Thursday, June 02, 2016

The inconsistency of the Left - featured comment

From Jim Rose:

"One of the oddities of the 21st-century left is if you are gay, your life is incomplete unless you can marry and have children. If you suggest others, in particular parents, have an incomplete life if they do not marry, you are some sort of throwback."
I did not oppose same-sex marriage. I think marriage is a great institution. But it is odd how hard the left fought for gay inclusion and yet, when you put up data that shows de facto relationships are far less stable than marriages and therefore contribute more to child poverty, their defence of cohabiting as equal to marriage is strident.

4 comments:

Anonymous said...

Another left meme that I thought was interesting today was the suicide research which totally failed to even mention the role of unstable family life (whether that of the parents or of the young person themselves) was found to play in the rise of youth suicide in the 1990s.
http://bwb.co.nz/books/sorrows-of-a-century

You would have thought at very least the coincidence of highly unstable family lives for young Maori and their high suicide rate would have rated a mentioned. But no - it doesn't fit the meme that it is all about deprivation!

Anonymous said...

Looking back at the gay attitude to marriage over the years one could argue that the gay activist desire was to undermine marriage (which is why I was sceptical about the pleading for gay marriage) and eventually the family unit as it then was. There were plenty of quotes from the 70's floating about when gay marriage was mooted. On that basis the "left" are being consistent as the end justifies the means.

3:16

Brendan McNeill said...

Gay Marriage was never about marriage in any meaningful sense, but about the normalisation of homosexuality.
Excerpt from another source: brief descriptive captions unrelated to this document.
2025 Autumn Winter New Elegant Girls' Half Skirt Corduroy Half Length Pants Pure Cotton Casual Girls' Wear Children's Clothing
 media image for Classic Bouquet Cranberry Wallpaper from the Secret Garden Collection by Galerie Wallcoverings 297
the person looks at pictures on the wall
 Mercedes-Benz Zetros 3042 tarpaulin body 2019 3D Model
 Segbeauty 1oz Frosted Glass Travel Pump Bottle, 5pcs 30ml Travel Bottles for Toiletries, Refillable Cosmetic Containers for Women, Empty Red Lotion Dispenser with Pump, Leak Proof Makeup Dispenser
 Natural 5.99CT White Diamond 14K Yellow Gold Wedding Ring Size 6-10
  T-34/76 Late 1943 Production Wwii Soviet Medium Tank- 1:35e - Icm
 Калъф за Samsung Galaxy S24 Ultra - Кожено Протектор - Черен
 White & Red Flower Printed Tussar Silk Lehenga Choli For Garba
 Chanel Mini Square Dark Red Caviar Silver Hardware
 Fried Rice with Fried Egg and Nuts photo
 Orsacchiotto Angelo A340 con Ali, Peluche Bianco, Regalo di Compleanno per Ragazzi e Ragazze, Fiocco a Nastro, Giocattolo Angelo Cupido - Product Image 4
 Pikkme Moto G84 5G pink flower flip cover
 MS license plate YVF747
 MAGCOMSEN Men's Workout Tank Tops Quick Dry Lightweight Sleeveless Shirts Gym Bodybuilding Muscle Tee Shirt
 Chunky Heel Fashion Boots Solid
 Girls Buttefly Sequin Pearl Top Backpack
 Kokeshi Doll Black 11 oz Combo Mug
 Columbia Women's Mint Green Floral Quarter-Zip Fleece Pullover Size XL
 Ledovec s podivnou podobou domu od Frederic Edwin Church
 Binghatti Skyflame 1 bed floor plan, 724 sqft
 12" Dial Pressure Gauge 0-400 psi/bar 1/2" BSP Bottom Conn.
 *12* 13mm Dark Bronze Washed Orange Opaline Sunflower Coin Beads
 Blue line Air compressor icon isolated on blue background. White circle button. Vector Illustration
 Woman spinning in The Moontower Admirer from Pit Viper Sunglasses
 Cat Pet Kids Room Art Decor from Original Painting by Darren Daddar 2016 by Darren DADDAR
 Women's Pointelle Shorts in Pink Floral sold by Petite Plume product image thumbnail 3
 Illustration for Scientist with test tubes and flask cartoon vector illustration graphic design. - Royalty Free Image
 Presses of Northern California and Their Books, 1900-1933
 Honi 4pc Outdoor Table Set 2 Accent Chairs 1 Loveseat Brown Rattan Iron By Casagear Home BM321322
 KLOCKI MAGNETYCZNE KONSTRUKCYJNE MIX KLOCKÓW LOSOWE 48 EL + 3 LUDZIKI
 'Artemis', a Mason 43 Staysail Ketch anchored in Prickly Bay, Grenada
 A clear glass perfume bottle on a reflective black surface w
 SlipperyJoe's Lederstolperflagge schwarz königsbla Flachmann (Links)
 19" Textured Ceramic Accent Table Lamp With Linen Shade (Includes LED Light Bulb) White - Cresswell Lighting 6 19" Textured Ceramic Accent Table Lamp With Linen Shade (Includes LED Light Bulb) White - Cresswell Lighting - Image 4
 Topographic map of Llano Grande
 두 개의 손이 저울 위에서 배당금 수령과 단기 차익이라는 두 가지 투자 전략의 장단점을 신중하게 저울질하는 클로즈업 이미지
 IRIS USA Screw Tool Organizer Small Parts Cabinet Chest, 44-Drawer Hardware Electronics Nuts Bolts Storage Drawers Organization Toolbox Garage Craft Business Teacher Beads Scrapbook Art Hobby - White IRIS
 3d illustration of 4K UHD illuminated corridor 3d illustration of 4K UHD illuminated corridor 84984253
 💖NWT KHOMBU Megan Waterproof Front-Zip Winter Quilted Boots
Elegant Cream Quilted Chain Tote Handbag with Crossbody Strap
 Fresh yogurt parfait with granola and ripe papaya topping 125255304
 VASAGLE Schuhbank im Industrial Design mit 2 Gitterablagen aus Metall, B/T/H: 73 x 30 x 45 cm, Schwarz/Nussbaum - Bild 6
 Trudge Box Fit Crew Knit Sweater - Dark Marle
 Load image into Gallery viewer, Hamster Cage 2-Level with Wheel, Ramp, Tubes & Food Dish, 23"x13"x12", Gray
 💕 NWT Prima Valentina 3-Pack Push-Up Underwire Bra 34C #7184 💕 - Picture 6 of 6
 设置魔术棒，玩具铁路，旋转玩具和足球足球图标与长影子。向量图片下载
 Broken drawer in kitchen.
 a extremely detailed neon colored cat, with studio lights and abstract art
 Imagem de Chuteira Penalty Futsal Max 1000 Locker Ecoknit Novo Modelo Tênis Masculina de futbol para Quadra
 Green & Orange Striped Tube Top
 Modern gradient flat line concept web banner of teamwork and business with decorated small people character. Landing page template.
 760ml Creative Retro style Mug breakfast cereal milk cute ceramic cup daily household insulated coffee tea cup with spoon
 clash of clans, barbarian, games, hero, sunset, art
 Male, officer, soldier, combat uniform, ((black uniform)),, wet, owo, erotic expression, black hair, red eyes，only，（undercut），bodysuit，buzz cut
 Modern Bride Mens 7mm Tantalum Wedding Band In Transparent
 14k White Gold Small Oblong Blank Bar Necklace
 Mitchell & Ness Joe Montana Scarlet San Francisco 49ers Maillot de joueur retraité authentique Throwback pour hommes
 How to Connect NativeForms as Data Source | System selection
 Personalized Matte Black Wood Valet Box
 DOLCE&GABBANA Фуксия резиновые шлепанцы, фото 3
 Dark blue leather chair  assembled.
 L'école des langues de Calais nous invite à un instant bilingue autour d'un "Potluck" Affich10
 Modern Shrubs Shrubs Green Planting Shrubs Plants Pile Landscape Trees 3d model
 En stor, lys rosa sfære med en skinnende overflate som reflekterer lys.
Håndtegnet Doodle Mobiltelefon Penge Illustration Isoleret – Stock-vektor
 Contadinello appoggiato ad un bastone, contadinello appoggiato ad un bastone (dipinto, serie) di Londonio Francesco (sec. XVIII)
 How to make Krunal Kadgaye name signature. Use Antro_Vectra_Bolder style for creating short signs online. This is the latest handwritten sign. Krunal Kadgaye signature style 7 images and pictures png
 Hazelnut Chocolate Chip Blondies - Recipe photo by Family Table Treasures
Today without any hint of irony we have the same people telling us that sexual orientation is fixed at birth (and is therefore not a choice) but gender is not fixed at birth, (and is therefore what ever I choose).




JC said...

"their defence of cohabiting as equal to marriage is strident."

Whether its homosexuality, obesity or other divergence there usually are a number of steps or stages to them.. like survive it, explain it, normalise it and protect it. The health profession can help you survive obesity, shrinks can help us understand it, statistics can normalise it and then the victim/sufferer/advocate needs to defend both the condition and the gains that have been made for acceptance.

With homosexuality laws can be made to protect the gay, professionals can explain it and then the process of normalising it can be undertaken.

One strand of the condition is gay marriage.. it has to be normalised and suggestions to go and set up their own rules won't fly because that creates an *abnormal* or different situation.. the goal is to normalise it by having exactly (or as near as possible) the same ingredients as heterosexual marriage.. right down to the actual words.

Having achieved that you have to defend the whole structure. Only a few gays actually marry and most co-habit. So when co-habituation is shown to be a poor substitute for child rearing it is in fact attacking one of the main planks of modern homosexuality.. its hard won basic right to legitimacy which includes co-habituation. Suddenly its not about marriage and kids but about legitimacy and lifestyle.. gay marriage is a nice to have but cohabitation is the norm that must be defended.

In trying to normalise homosexuality and gay marriage you create a contradiction and a threat to co-habituation and so there will be a strong defense of... what?.. gay marriage, child rearing, co-habituation or overall legitimacy of homosexuality?

There'll be more heat than light on this one.